Review Summary: And So I Watch You, Adebisi Shank.
Distinguishable as one of the leading bands in the modern post-rock scene, And So I Watch You From Afar deliver both alluring atmospheres and crashing tirades of guitars to form simply delicious albums, crammed full of carefully balanced technicality and brutality stamped with their distinct energetic style. The initial tirade withstanding, their self titled debut channelled their ambient influences, whilst the 2011 follow-up Gangs
saw a brasher, denser style characterised by frenetic guitar work. In their quest to produce a poppier, bouncier album, And So I Watch You From Afar have emulated Adebisi Shank’s winsome style - but unfortunately they don’t quite have the boundless vitality to pull it off. What All Hail Bright Futures
ultimately achieves is a blurring of styles between themselves and their contemporaries, and they've come dangerously close to losing their identity in the process.
The problem with criticizing And So I Watch You From Afar is that even though they've almost completely abandoned their signature sound, they've still managed to craft an album full of toe tapping and at times, first pumping melodies. They've largely shelved their successful formula, and yet there are still moments of brilliance scattered throughout which shine and counteract the uninspired. The biggest irritation this raises however is that they’re capable of a much higher level of consistency. Whether it’s the delicate string and trumpet combination on “Trails” which makes up for the cringe-worthy intro to “Ka Ba Ta Bo Da Ka” or the excellent dual guitar work on “Like A Mouse” which counteracts the underwhelming “Eunoia,” they show that their ear for melody hasn't deserted them.
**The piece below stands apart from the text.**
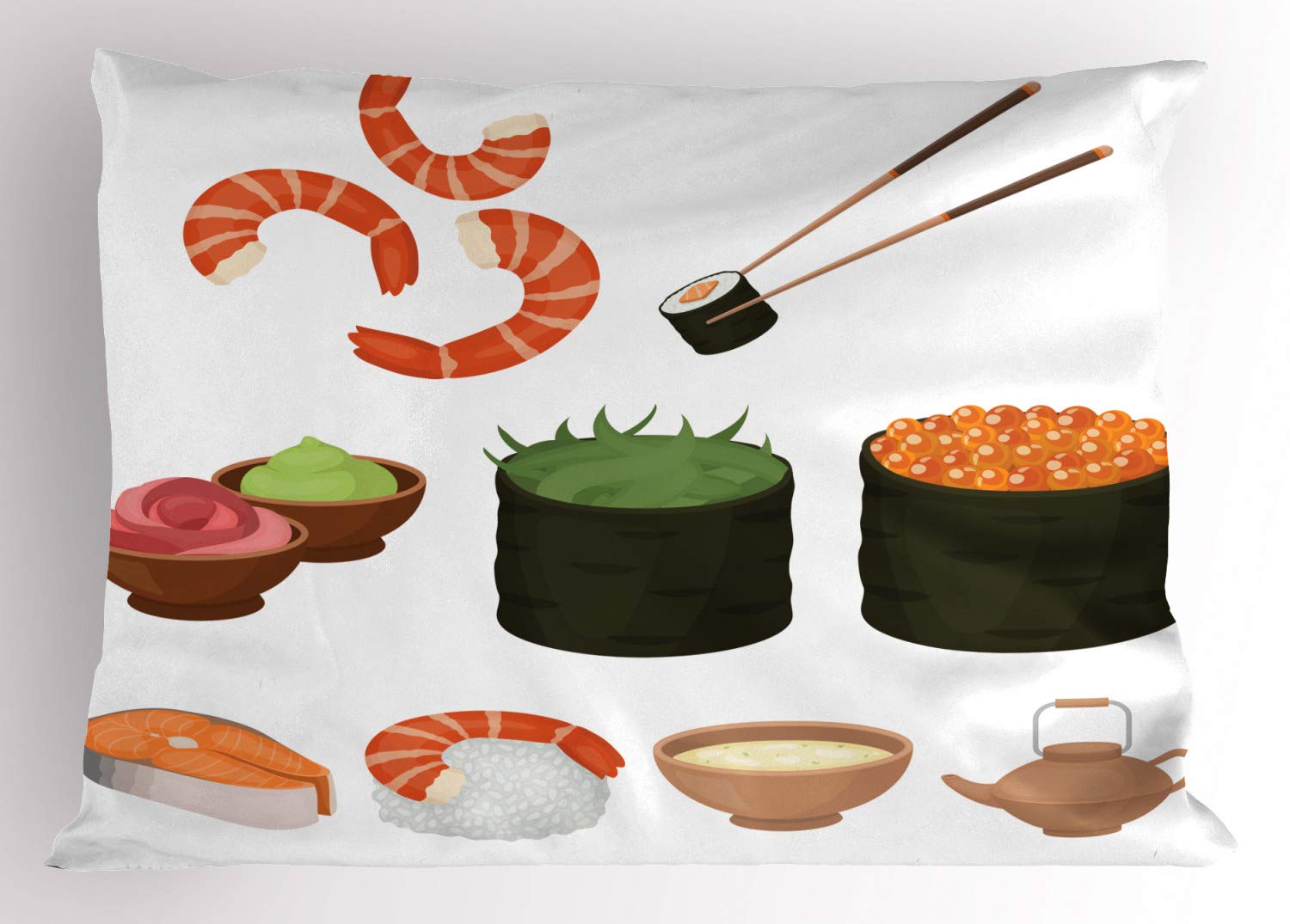 Ambesonne Wasabi Pillow Sham - Cartoon Folkloric Food Sauce & Drink Design, Decorative King Size Printed Pillowcase (36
The problem is that these moments struggle and compete with inferior moments for your attention, and they often come out second best.
Considering that the only vocals used on their previous efforts were a “woo” here and a “hey” there, the oft-included, ill-advised contributions on All Hail Bright Futures
unsurprisingly emerge as the greatest drawback. Whether they were added with sing-a-longs and live performances in mind or whether the band is genuinely trying to evolve, they seem incompatible and frankly feel out of place. All Hail Bright Futures
is a surprising misstep from a band that has gone off the beaten track in order to diversify their sound: a detour which has only led to them sounding more like everybody else.